Muitos levam também uma flor presa na
boca e, para aguentar o ‘rojão’ das apresentações, alguns bebem uma mistura
explosiva feita à base de cana e pólvora. Outras figuras que aparecem nesse
maracatu são os caboclos de pena, as baianas, a dama da boneca e o mestre, a
quem cabe puxar versos de improviso durante o desfile.
Já no maracatu nação há uma
representação da corte africana, com rei, rainha, vassalos, delegado, capitão
baianas e lanceiros. A percussão é mais pesada, com tambores e agogô. Entre os
grupos mais antigos em atividade no Estado estão o rural Cruzeiro do Forte, de
1929, e os de baque virado Leão Coroado, com 150 anos, e Estrela Brilhante, de
Igarassu, criado em 1824.
Rumo que virou sinônimo do Carnaval
pernambucano, o frevo nasceu no meio da folia. Originário das marchinhas de
Carnaval do século 19, surgiu nas ruas quando a disputa entre as agremiações e
a animação dos foliões fizeram com que o compasso das marchas executadas nos
desfiles fosse acelerado. A origem do nome teria vindo justamente daí, da
efervescência da multidão. Mas isso foi só o começo. Com a contribuição de
compositores como Capiba, o ritmo acabou ganhando, melodias mais elaboradas e
letras inesquecíveis. Ganhou também as ruas e os bailes de Carnaval, além de
muitas variações de rua, canção, de bloco.
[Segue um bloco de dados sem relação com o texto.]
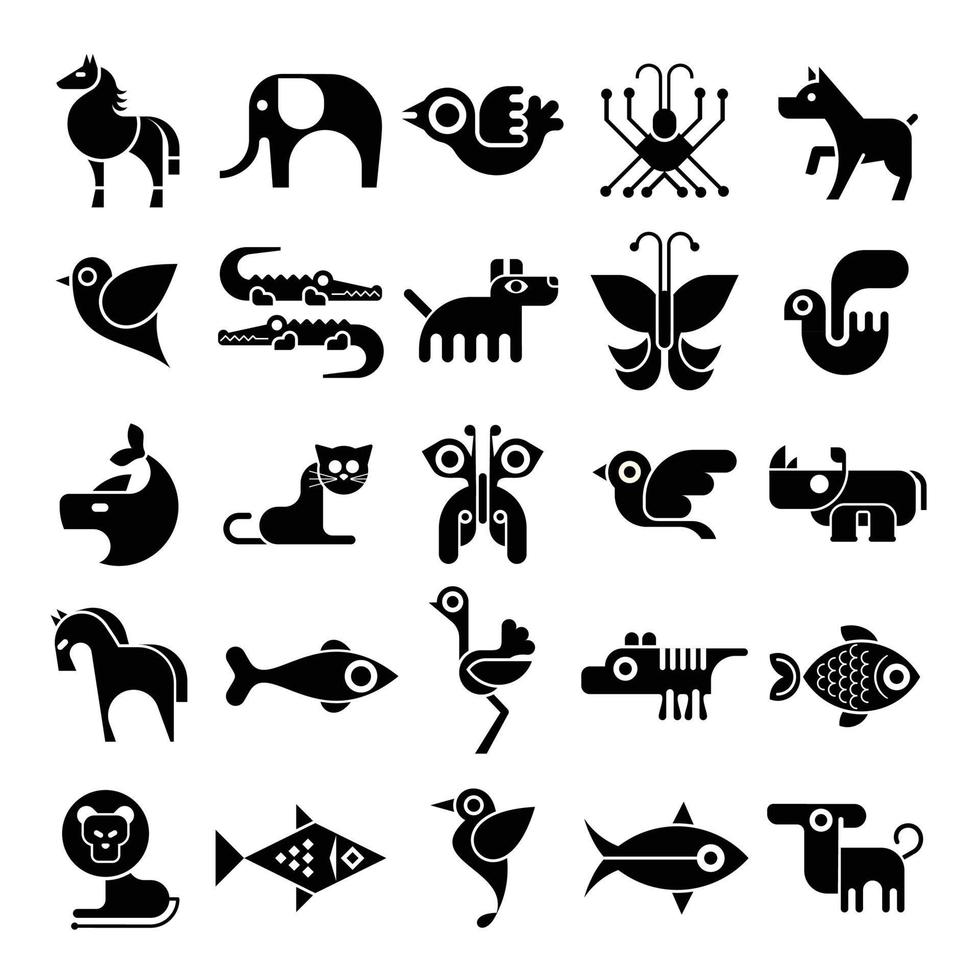 iconos de animales en blanco y negro vector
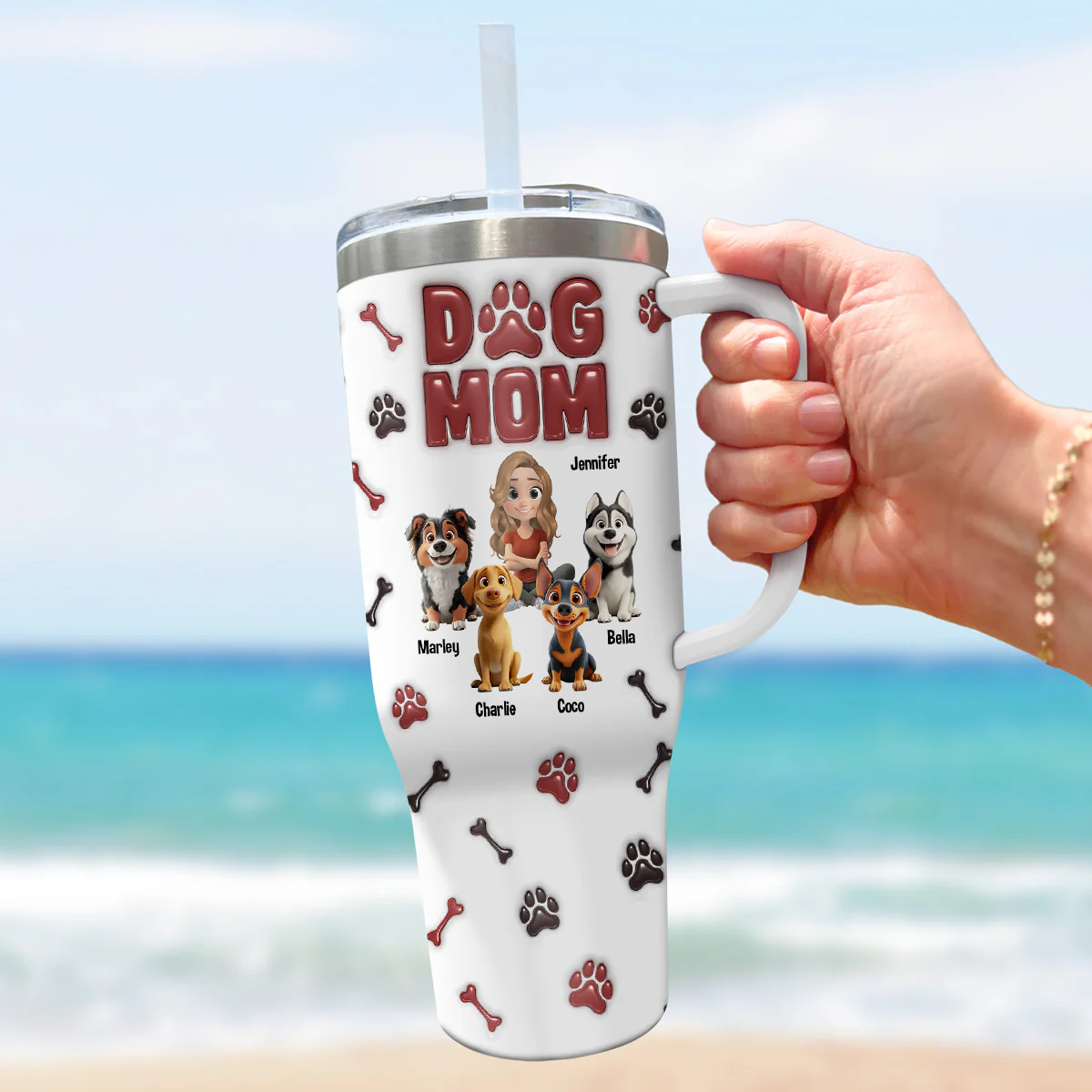 Lovely Dog Mama - Personalized Custom 3D Inflated Effect Tumbler - Image 9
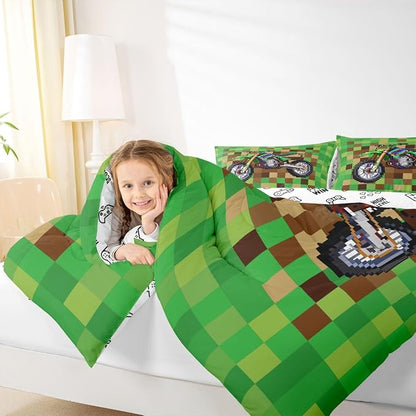 Manfei Cool Motorcycle Kids Comforter Toddler Size,Pixelated Geometric Grid Quilt Set for Kids Boys Girls Bedroom Decor,Miners Gamepad Bedding Set,Brown Green Duvet Insert,1 Pillowcase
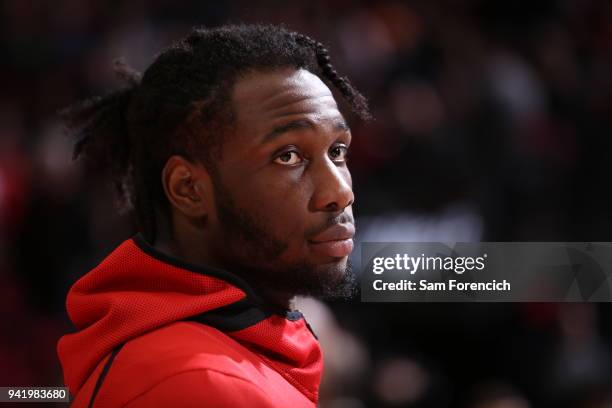 Caleb Swanigan of the Portland Trail Blazers looks on during the game against the Memphis Grizzlies on April 1, 2018 at the Moda Center Arena in...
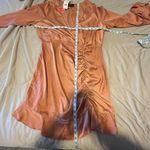 Cider NEW  Satin V-neck Ruched Bell Sleeve Mini Dress 0XL NWT Photo 7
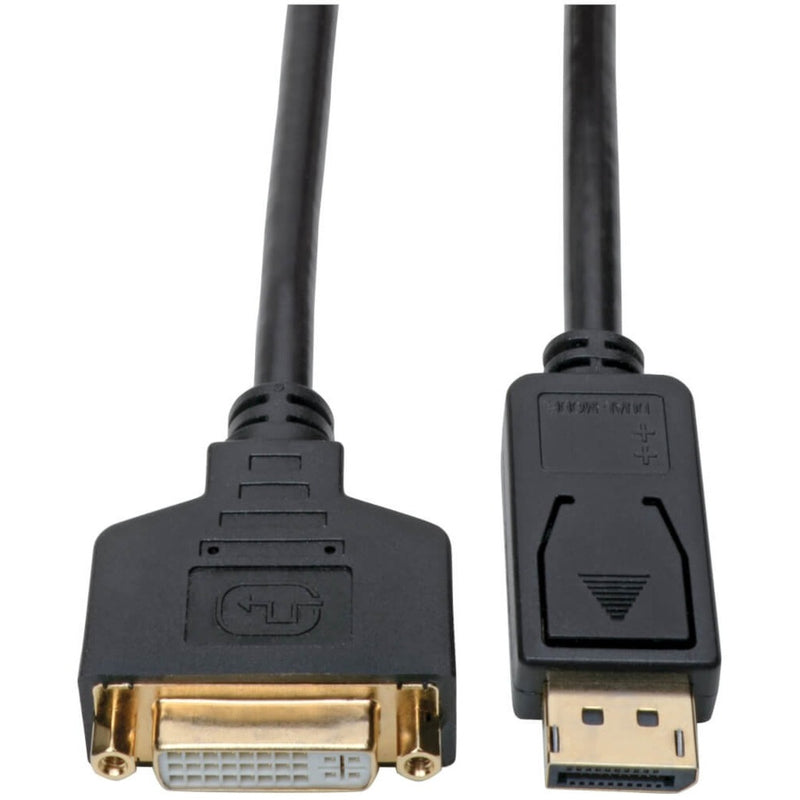 Close-up view of DisplayPort to DVI adapter showing gold-plated connectors and black housing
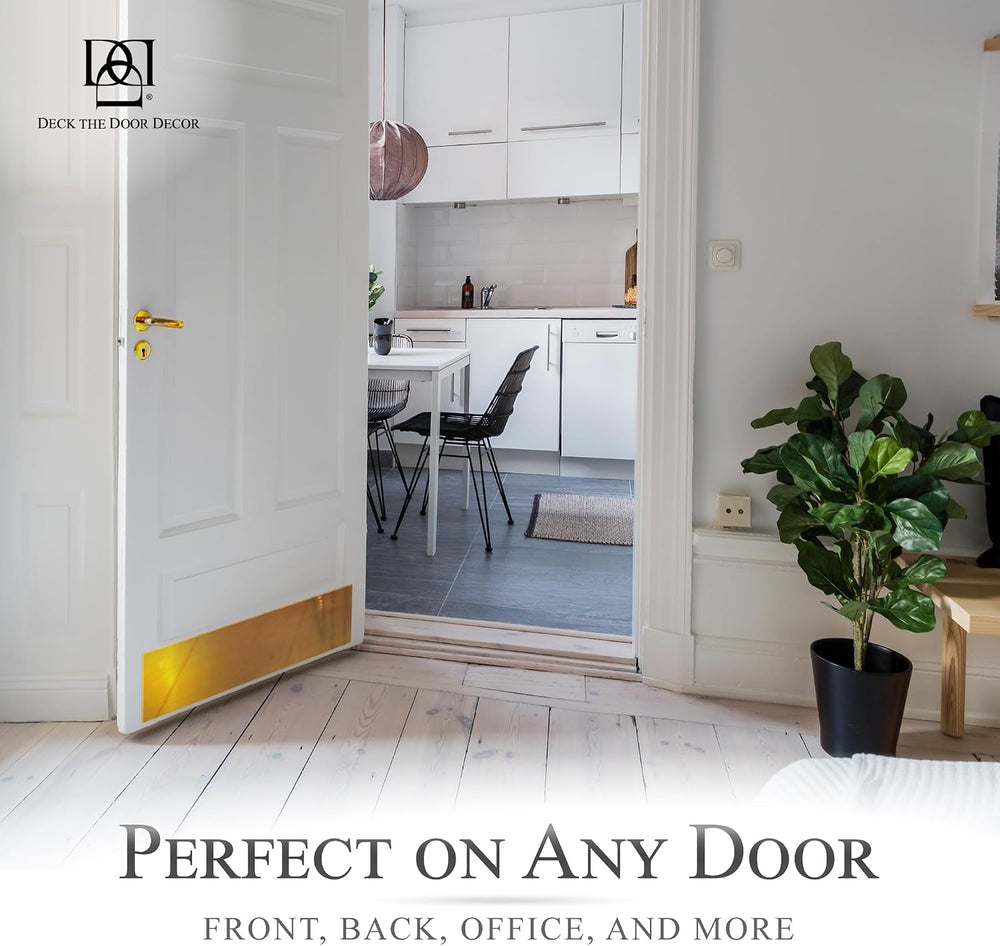 Door Kick Plate, 6x32 in, Shiny Brass, Adhesive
As disputas entre as agremiações
originou também os passos de frevo. “Era comum os blocos contratarem capoeiras
para irem à frente, abrindo caminho”, conta Roberto Benjamim, pesquisador com
vários estudos sobre o folclore brasileiro. Contagiados pela batida, eles
acabaram transformando os golpes da luta em passos de dança. E o frevo nunca
mais parou de animar o até hoje ‘fervido’ Carnaval do Estado.